Greenland’s ice sheets are “melting like Swiss cheese” in real time.
In the film, Gore travels alongside Dr. Konrad Steffen where he witnesses Greenland’s ice sheets disappearing and developing holes like “Swiss cheese.” Scientists predict arctic summers may soon be ice free, and sea levels could rise as much as seven feet in coming years.
Climate change is a major threat to the world economy and international stability.

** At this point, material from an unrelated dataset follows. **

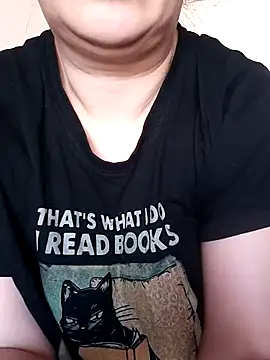 Snapshot of TriumphLove chatting on February 2025 08:47:02 AM TriumphLove online show from February 2025 08:47:02 AM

Experts surveyed before 2017 World Economic Forum in Davos called a catastrophe created by global warming the greatest threat to the world economy. In 2015, according to the UN, approximately 15 million people were forced to leave their homes due to weather damage. This may have impacted the international refugee crisis, and political instability in Europe. The current conflict in Syria was preceded by the worst drought in 900 years, which destroyed 60 percent of farms and 80 percent of livestock, drove 1.5 million more people into cities, and may have led to increased civil unrest.
To fix the climate crisis, we have to fix the democracy crisis.
Gore may be a “recovering politician trying not to relapse,” but he still thinks like a lawmaker. He continues to argue that big corporations have “hacked” the political system and are obstructing progress on climate change. Gore also recognizes that to succeed in reducing carbon emissions globally, we must navigate the politics of the developing world. In the film, we see Gore meet with Indian politicians, and we hear their concerns about switching to clean energy. And at the 2015 United Nations Climate Change Conference in Paris, we watch as he helps negotiate a back channel deal that would encourage India to embrace solar energy and move away from fossil fuels.
A sustainable energy revolution is here.
In 2016, major investments were made in solar, wind, battery and electric vehicles, and financiers continued to see the economic potential of moving away from fossil fuels. The cost of solar has dropped by 85 percent in 10 years, and solar installations have increased exponentially, particularly in developing countries.
This movement has faced many obstacles, and Donald Trump is just one more.
Although Gore naturally supported Hillary Clinton’s presidential bid, he has said Trump is just another hurdle that can be overcome. At the Sundance Film Festival, Gore reiterated his optimism: “The will to act itself is a renewable resource,” he said. “No one person can stop this progress.”